I just got a sealife mini 2 a couple weeks ago and love it but, I just got a speargun and my wife love shooting fish with it so neither one of us want to put down a meat stick and pick up a camera. I've been looking at the gopro camera and am woundering since it records at 30 or 60fps can you pull out still images out of it to post on facebook, send in a email or use as a wallpaper?


----------



## Ocean Master (May 20, 2008)

Yes you can..


----------



## coolbluestreak (Jun 27, 2011)

Awesome, the sea life is for sale then. Thanks!


----------



## sebastio12 (Jul 10, 2008)

coolbluestreak said:


> Awesome, the sea life is for sale then. Thanks!


How much for the SeaLife?


----------



## coolbluestreak (Jun 27, 2011)

I'd let it go for $210.


----------



## OnGrade (Aug 7, 2009)

Make sure you get a flat lens for that gopro. Itll take a much better looking immage than the curved one that comes with it. If you buy the one from Mako Spearguns (Dont care for their guns but the gopro they sell comes with a flat lens) youll get the better deal. The really nice (but a little more expensive option) is the Eye Of Mine case. They use it on discovery channel a lot. I havent posted any videos from mine, but I have one mounted on my riffe. Leave it on video mode and just freeze frame it to get your pictures. Youll get some awesome ones doing it that way.


----------



## coolbluestreak (Jun 27, 2011)

OnGrade said:


> Make sure you get a flat lens for that gopro. Itll take a much better looking image than the curved one that comes with it. .

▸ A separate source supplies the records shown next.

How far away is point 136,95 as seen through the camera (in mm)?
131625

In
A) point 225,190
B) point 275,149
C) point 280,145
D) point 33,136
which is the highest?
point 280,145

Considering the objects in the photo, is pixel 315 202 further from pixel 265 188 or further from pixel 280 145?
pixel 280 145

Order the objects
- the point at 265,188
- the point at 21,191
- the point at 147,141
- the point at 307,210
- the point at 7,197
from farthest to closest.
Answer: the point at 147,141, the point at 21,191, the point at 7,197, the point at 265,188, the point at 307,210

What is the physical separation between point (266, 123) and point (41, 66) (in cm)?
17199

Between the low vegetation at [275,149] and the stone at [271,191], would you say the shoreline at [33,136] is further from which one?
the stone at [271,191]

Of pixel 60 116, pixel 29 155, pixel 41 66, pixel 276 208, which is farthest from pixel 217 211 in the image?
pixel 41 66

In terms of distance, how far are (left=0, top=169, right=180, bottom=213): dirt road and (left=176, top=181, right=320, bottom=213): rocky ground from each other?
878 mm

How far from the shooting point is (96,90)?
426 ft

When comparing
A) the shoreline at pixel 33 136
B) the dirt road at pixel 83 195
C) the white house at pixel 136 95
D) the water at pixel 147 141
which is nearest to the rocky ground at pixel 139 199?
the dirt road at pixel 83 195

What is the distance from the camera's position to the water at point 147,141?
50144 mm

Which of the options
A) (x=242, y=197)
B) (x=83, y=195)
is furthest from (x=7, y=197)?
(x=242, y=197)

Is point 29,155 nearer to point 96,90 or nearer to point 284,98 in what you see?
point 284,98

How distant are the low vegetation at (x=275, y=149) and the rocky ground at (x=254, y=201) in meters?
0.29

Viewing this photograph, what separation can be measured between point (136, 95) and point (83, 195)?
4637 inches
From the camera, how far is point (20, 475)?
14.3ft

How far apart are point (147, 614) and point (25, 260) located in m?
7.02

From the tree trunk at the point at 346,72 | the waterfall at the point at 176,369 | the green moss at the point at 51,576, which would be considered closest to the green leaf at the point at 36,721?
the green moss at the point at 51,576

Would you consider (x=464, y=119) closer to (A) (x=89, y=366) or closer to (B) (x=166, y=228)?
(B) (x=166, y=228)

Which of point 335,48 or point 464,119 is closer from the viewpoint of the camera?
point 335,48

Ok, thanks for the info and I'll look into the flat lens.
I just purchased a used (once) 1080 helmet hero off of eBay so hopefully I'll have it time for our dive out of Destin this weekend.


----------



## iidesu (Jul 29, 2011)

interesting!


----------



## coolbluestreak (Jun 27, 2011)

I just got the gopro in the mail and messin around with it a little,
I'm woundering what resolution you guys record in?

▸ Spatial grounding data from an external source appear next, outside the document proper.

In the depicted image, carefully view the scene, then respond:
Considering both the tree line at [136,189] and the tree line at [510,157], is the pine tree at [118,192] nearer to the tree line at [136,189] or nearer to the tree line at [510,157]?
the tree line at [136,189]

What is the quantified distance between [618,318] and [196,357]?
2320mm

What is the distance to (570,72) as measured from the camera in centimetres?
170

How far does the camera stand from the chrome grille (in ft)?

BTW: for those wondering, THIS THING IS AWESOME AND EASY TO USE.


----------



## bbarton13 (May 4, 2009)

Wirelessly posted (Iphone )

Just got my gopro and I live it, there is a forum for the gopro that's slot of help. They say the best is 720hd r3 cuz it's not has shaky .


----------



## coolbluestreak (Jun 27, 2011)

bbarton13 said:


> Wirelessly posted (Iphone )
> 
> Just got my gopro and I live it, there is a forum for the gopro that's slot of help. They say the best is 720hd r3 cuz it's not has shaky .

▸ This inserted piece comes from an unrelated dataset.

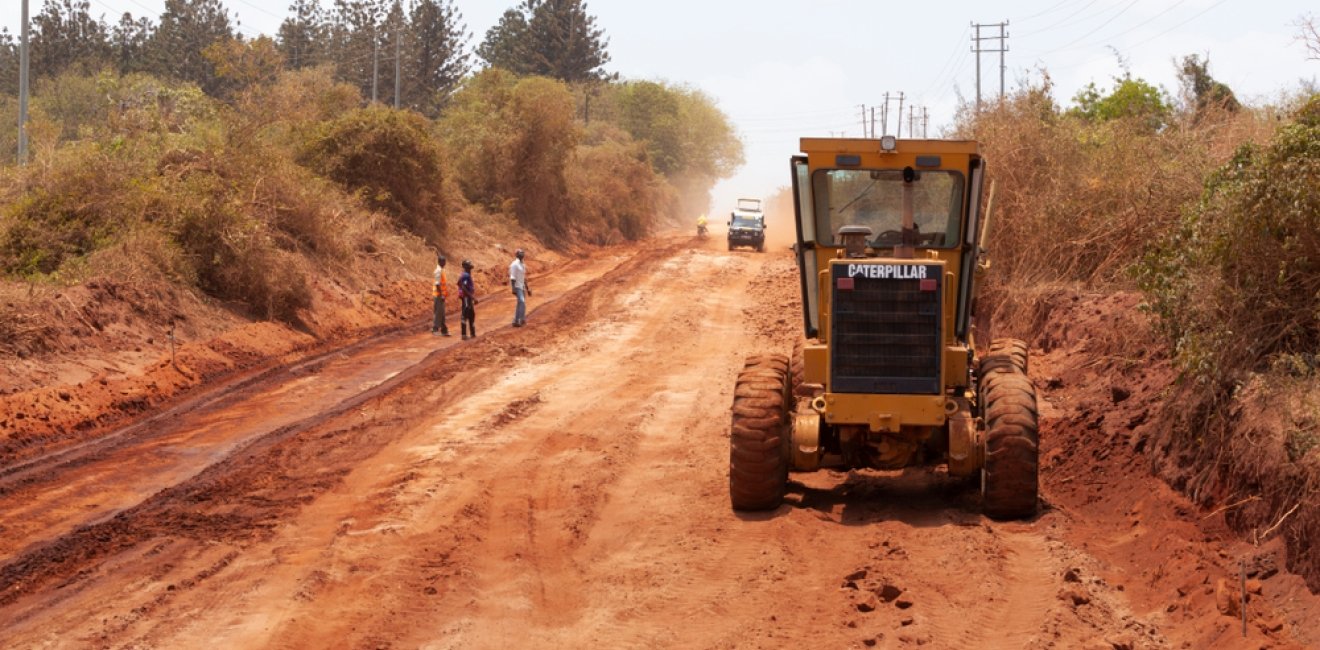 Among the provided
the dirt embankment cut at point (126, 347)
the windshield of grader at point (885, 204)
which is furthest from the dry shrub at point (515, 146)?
the windshield of grader at point (885, 204)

 Thanks for the input guy, but man your Iphone sucks at spelling


----------



## bbarton13 (May 4, 2009)

Wirelessly posted (Iphone )

Haha yea it's stupid sometimes, or it could just me trying to type to fast. Lol


----------



## coolbluestreak (Jun 27, 2011)

What program works good for editing video?


----------



## coolbluestreak (Jun 27, 2011)

Ok, so I got my gopro in and sarted to mess around with it a little.
I straped it to my head and took a spin around the block on the vrod and loved the video, yeserday on the way to our club dive in Destin I was playing with it in waffle house and it started recording as soon as I turned it on and I can view that little 6second clip, but our auctal dives will not open, let me view them, ect..... Am I doing something wrong, need a special player, something? 
Any input would be a great help, Thanks!


----------



## Ocean Master (May 20, 2008)

Are you downloading to your PC and it's not playing?


----------



## coolbluestreak (Jun 27, 2011)

Yes I have the files on both my computers won't play them, the one computer is about 6 weeks old so I figured it should be able to play the latest and greatest, but no such luck.


----------



## WhackUmStackUm (Jan 31, 2010)

What is the file extention on the videos?


----------



## coolbluestreak (Jun 27, 2011)

Idk about file extension but it's a mp4 file, is that what you were asking?


----------



## coolbluestreak (Jun 27, 2011)

Well the camera works fine now and IDK what the problem was....
What program do I need to use for editing, windows movie maker doesn't seem to like the mp4 file?


----------